Beninteso, Meloni non riuscirà mai a spogliarsi del suo trumpismo: perché ne è ideologicamente affine e perché l’operazione puzzerebbe di trasformismo lontano un miglio. Intanto, però, il fantasma iraniano-vietnamita, il pantano, appunto, consiglia alla presidente del Consiglio di divincolarsi dagli abbracci dello Studio Ovale e di Sharm el-Sheikh, quando il presidente degli Stati Uniti ne lodò tutto, persino la bellezza.
Dall’endorsement per il premio Nobel, Meloni passa ora al nyet irremovibile su ogni ipotesi di coinvolgimento in una guerra che, peraltro, non ha mai condannato, o anche solo criticato. Stavolta, Donald, no, grazie. In un’operazione nello stretto di Hormuz, noi non ci saremo, come diceva Francesco Guccini, decenni fa.

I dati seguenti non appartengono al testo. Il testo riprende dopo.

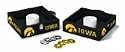 Iowa Hawkeyes Bullseye Washers Game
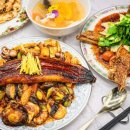 서울쟁반짜장 이미지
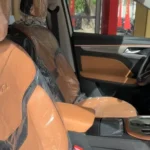Luxury Haval Jolion 2023 rental Dubai
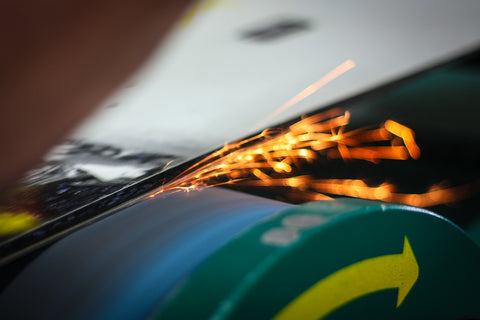 Ski/Snowboard Pro Tune Up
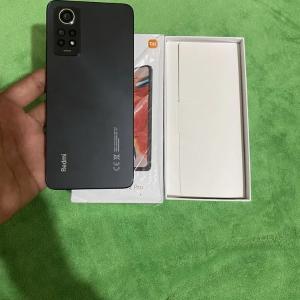 Смартфон Xiaomi Redmi Note 12 Pro+ 8/128GB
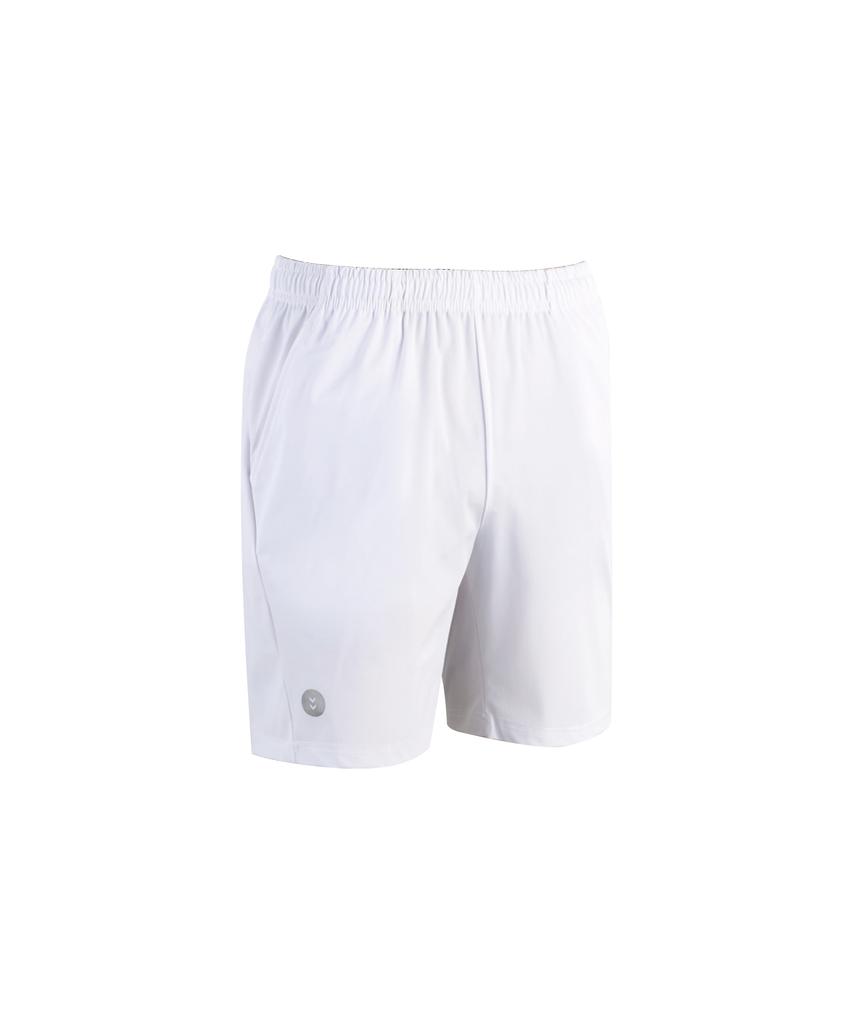 Функциональные охлаждающие брюки HUMMEL (5-частный) - белый (Hm-P7522)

Oggi lo ribadirà a Bruxelles, al Consiglio europeo, un posto dove a dare la linea sono gli europei che contano: l’odiato Emmanuel Macron, l’amico Friedrich Merz, le a lei antipatiche Ursula von der Leyen e Kaja Kallas, il socialista Antonio Costa. Si farà scudo di loro, Meloni, posizionandosi non lontanissimo da Pedro Sanchez, che conta meno di lei, ma che su questa posizione c’era arrivato ben prima.
Sai come dev’essere contento Donald. Abbandonato finanche da Giorgia Meloni, gli sono rimasti gli avanzi europei: un Viktor Orbán, forse verso l’uscita, la Repubblica ceca, la Slovacchia. Persino il Giappone gli ha detto no. Forse mai si era visto un presidente americano così isolato. Giorgia, più sveglia di Matteo Salvini, queste cose le sa benissimo e capisce, soprattutto, che in Italia questa guerra, come e più di tutte le guerre, è impopolare. Perciò, meglio starne fuori. L’arrovella il dubbio: questo Donald Trump proprio non va. Ben svegliata, presidente.